Pressenti comme le favori de cette édition 2021, l’auteur de 31 ans Mohamed Mbougar Sarr a remporté mercredi 3 novembre le prestigieux prix Goncourt pour son ouvrage La Plus Secrète Mémoire des hommes, publié aux éditions Philippe Rey (France)/Jimsaan (Sénégal).
Originaire de Diourbel, le Sénégalais est parmi le plus jeune des écrivains à avoir été distingué par l’Académie et le premier auteur d’Afrique subsaharienne. Après avoir étudié au prytanée militaire de Saint-Louis (Sénégal), il a poursuivi ses études en France et intégré l’École des hautes études en sciences sociales (EHESS). Dans ses livres, il a traité tour à tour du sujet du terrorisme (Terre ceinte), de la question de la migration africaine (Silence du chœur), puis de celle de l’homosexualité au Sénégal (De purs hommes), La Plus Secrète Mémoire des hommes raconte la quête d’un jeune écrivain sénégalais passionné par un livre culte publié en 1938 qui part à la recherche de son auteur.
Une distinction qui n’a pas manqué de susciter une grande joie au Sénégal : les messages de félicitations sur les réseaux sociaux se sont enchaînés aussitôt le nom du lauréat dévoilé. Parmi eux, le président sénégalais Macky Sall, qui a félicité Mohamed Mbougar Sarr pour cette « belle consécration qui illustre la tradition d’excellence des hommes et femmes de lettres sénégalais ». Autre signe de l’engouement autour de l’ouvrage : le roman était en rupture de stock dans plusieurs librairies de Dakar ! Réactions sur place.
Cheikh Ndiaye, chef de rayon à la librairie des 4 Vents Mermoz à Dakar : « Une centaine d’exemplaires sont partis entre 11 heures et 14 heures ce mercredi, on a battu les records ! On a recommandé environ deux cents nouveaux ouvrages pour les semaines à venir car c’est certain qu’ils vont tous partir ! Depuis deux mois déjà, on avait une forte demande et cela s’était accentué avec la nomination au Goncourt. C’est un auteur qui monte en puissance. Nous avons appris cette nouvelle avec beaucoup de fierté. »

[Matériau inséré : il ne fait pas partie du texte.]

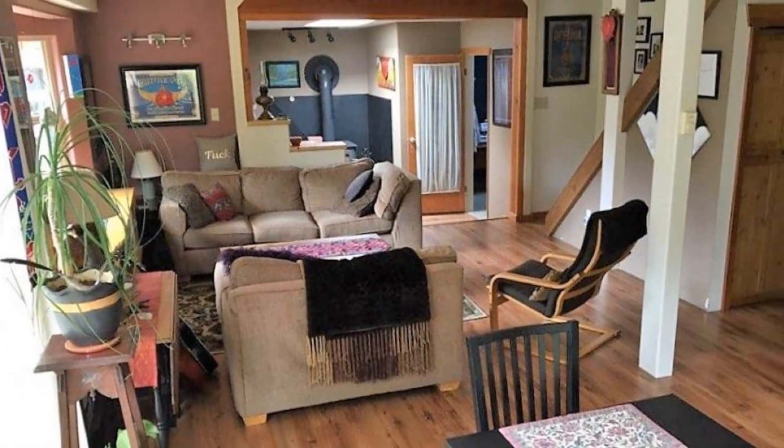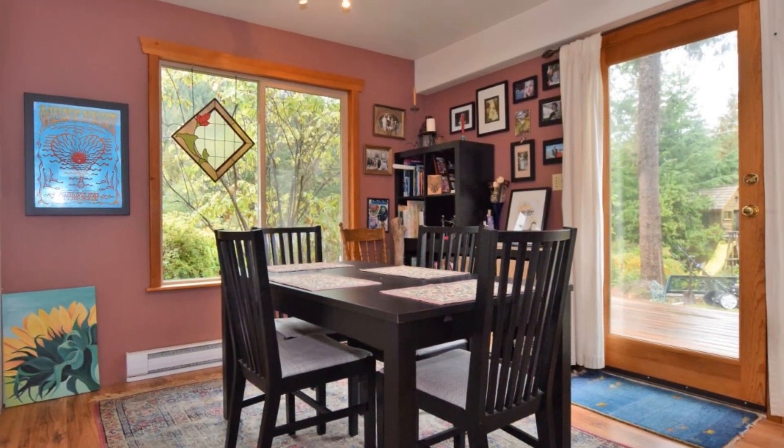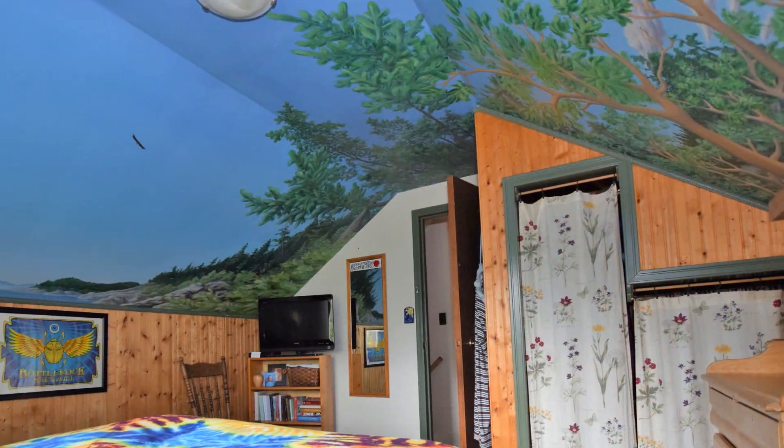Inside you'll find a cozy wood-burning stove, a bright open floor plan, and lots of artistic touches including stained-glass windows and a Dean Schutz mural in the master bedroom.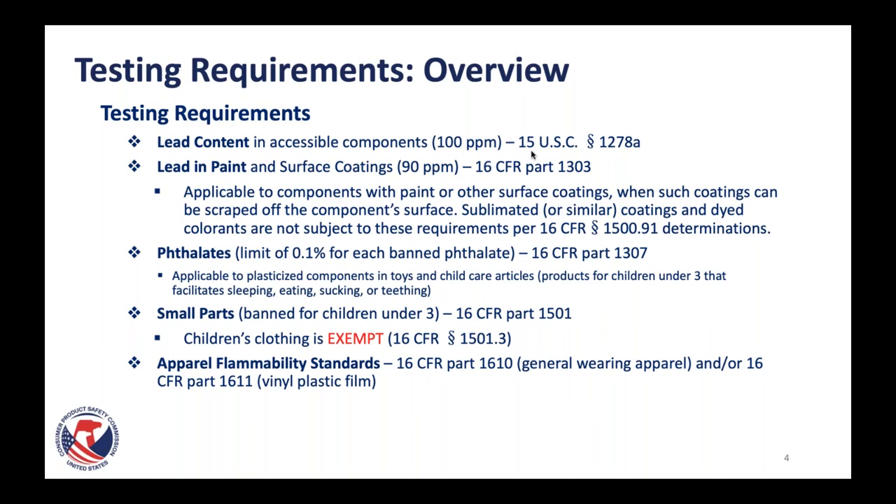The next type of chemical testing is phthalates testing. Phthalates are plasticizers — they make things pliable. We often use the example of a rubber duck as something that has a lot of phthalates. There is a limit of 0.1% for each banned phthalate, and there are eight. The phthalates testing requirement comes from our regulation 16 CFR part 1307. Phthalates testing applies to all plasticized components in toys and child care articles. Child care articles are products for children under three that facilitate sleeping, eating, sucking, or teething.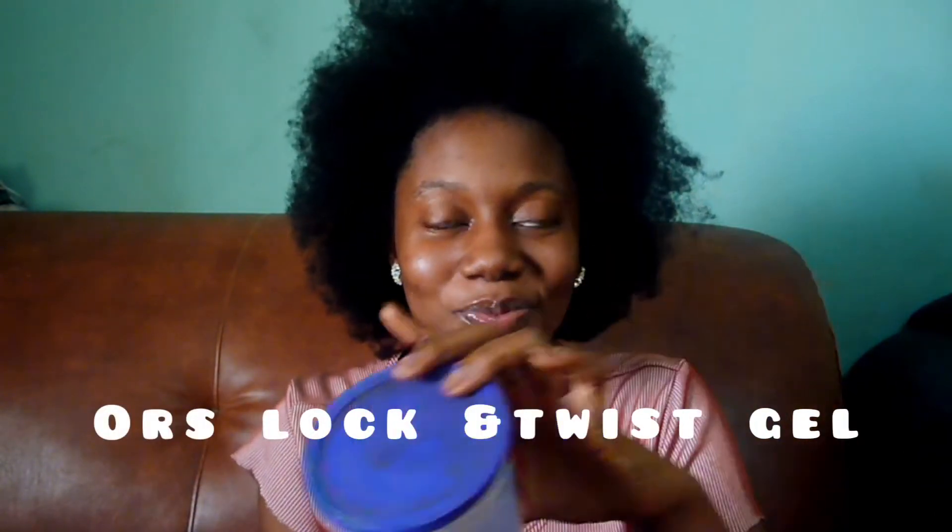For twists — when I want to twist my hair and I want it to be full, bouncy, and fine — I use ORS Lock and Twist gel. What I do is spray my hair with water, then add this ORS Lock and Twist gel, and my hair becomes very big and bouncy. I'll probably do a twist-out tutorial with this sometime in the future.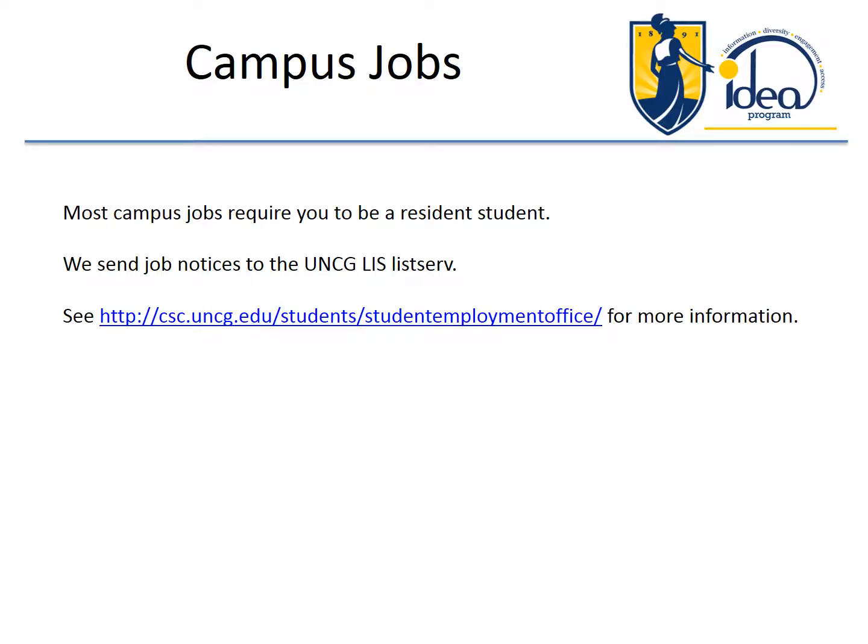Most campus jobs require you to be a resident student. We send job notices to the UNCG LIS listserv as they become available. Part-time jobs in the local area and in other areas are sometimes listed on our email listserv.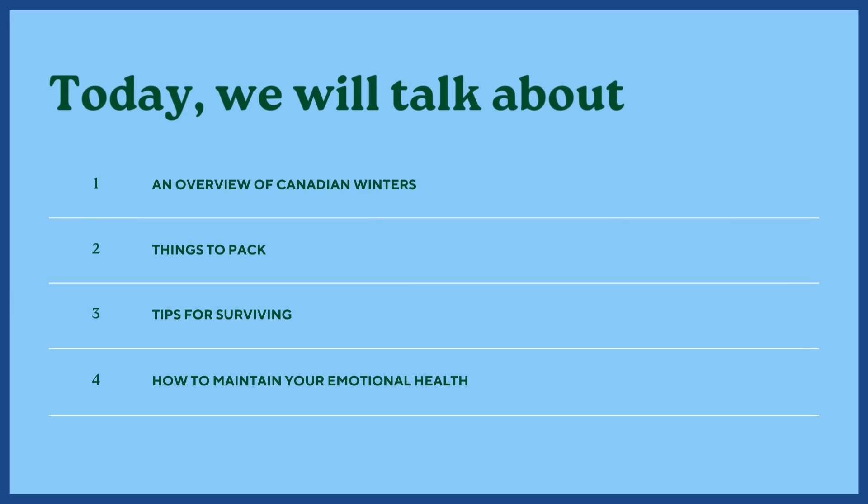Today we will talk about an overview of Canadian winters, things to pack before you come to Canada, tips for surviving, and how to maintain your emotional health.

Papa Djigane Cissé, business developper : « Il y avait un gouffre immense après les anciennes générations d’écrivains renommés des indépendances, qui s’était traduit par une déperdition de l’intérêt pour la lecture. Enfin nous avons une génération qui va tout rafler ! Ces jeunes Sénégalais sont capables de produire et prennent la relève de leurs aînés. Quand j’ai appris la nouvelle, j’en ai eu des larmes de bonheur ! C’est un message fort envoyé, on récompense un écrivain, mais également un écrivain africain. Ses œuvres parlent de nos réalités, mais Mohamed Mbougar Sarr ne s’adresse pas à une cible en particulier, il puise en lui pour exprimer ses observations, ses réflexions. C’est ce qui rend son œuvre importante. C’est un écrivain réaliste et naturaliste qui a une écriture mordante, parfois crue, incisive et sincère. Il représente, je crois, la symbiose entre la culture sénégalaise et l’ouverture au monde. Il fait partie de ces écrivains qui jettent des ponts entre leur pays de résidence et ceux dont ils sont originaires. Bien sûr il y a la fibre nationaliste qui parle, car nous sommes très fiers qu’il soit sénégalais, qu’il soit né dans la Baol, une région agricole du Sénégal. Son prix génère beaucoup de réactions. Peut-être cela va-t-il contribuer à intéresser des jeunes qui n’ont pas l’habitude de lire, d’écrire. J’espère que les éditeurs vont s’intéresser à ces nouveaux auteurs, qu’ils vont susciter l’intérêt des maisons d’édition. »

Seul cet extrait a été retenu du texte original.